**** DATA SUPPLIED ****

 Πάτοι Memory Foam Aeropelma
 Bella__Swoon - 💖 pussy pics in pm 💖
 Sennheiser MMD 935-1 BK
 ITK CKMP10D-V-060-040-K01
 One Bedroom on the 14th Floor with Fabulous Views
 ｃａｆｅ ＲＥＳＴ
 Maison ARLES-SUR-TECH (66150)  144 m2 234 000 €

****
**** DATA SUPPLIED ****

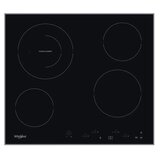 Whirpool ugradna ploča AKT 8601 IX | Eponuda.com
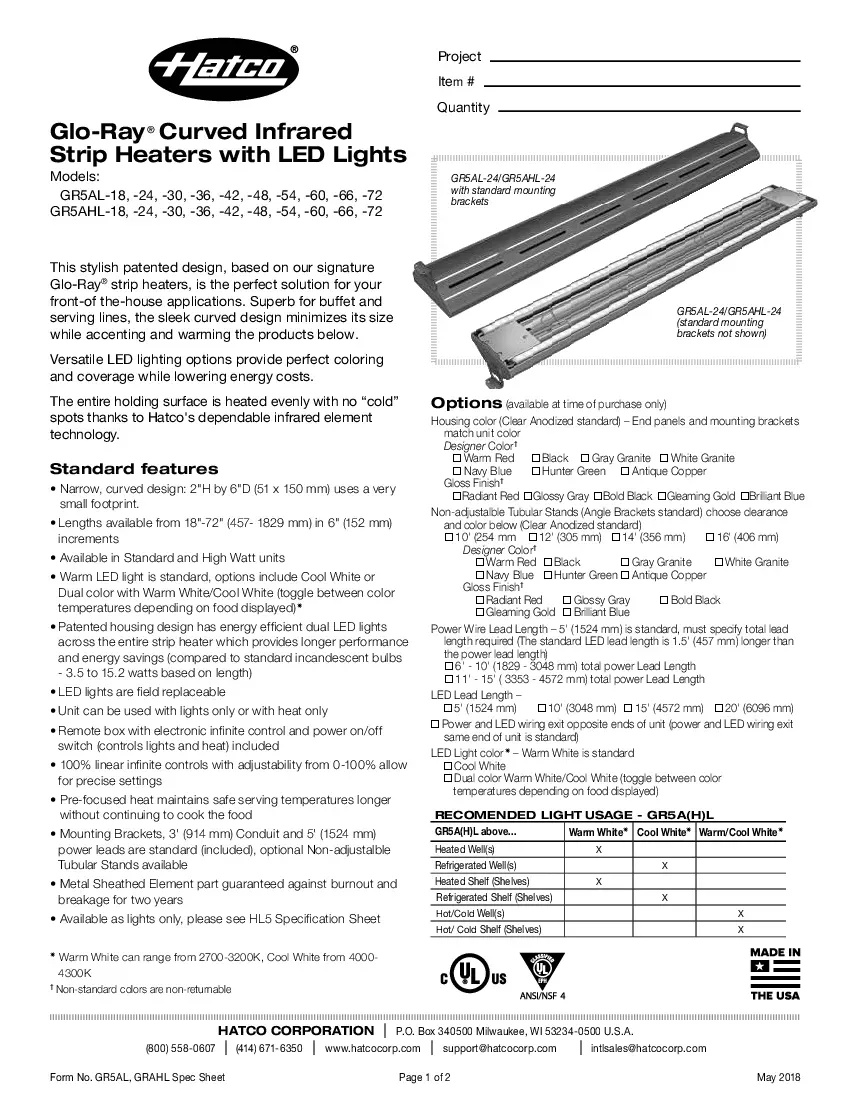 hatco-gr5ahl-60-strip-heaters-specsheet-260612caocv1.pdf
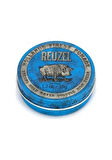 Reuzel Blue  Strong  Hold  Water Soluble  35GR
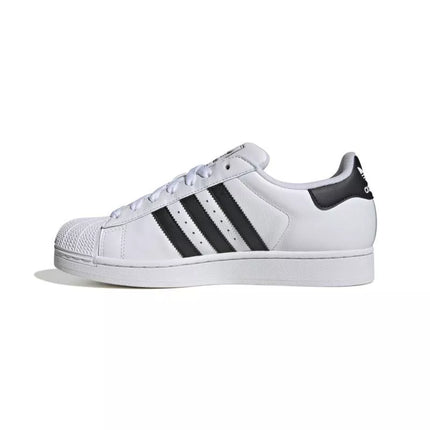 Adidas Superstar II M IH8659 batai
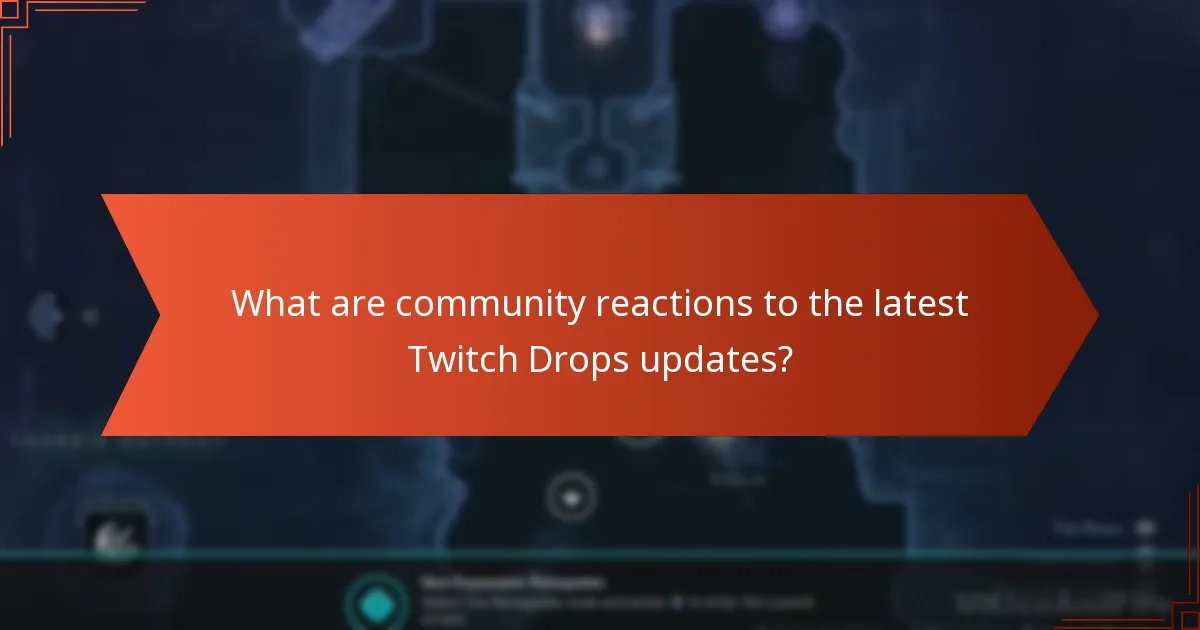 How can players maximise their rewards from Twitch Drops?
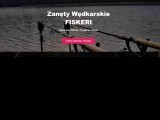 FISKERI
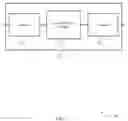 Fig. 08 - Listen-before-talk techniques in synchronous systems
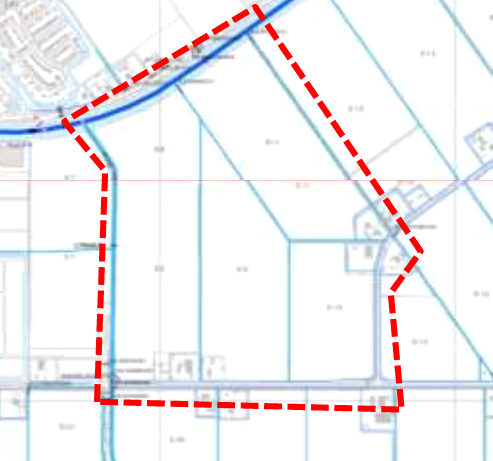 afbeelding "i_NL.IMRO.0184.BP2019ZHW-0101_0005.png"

****

TASK DESCRIPTION: In the entries above, restate word for word the lines between the one holding "ITK CKMP10D-V-060-040-K01" and the one holding "Maison ARLES-SUR-TECH (66150)", inclusive, and nothing besides.

ANSWER TO THE EXERCISE:
 ITK CKMP10D-V-060-040-K01
 One Bedroom on the 14th Floor with Fabulous Views
 ｃａｆｅ ＲＥＳＴ
 Maison ARLES-SUR-TECH (66150)  144 m2 234 000 €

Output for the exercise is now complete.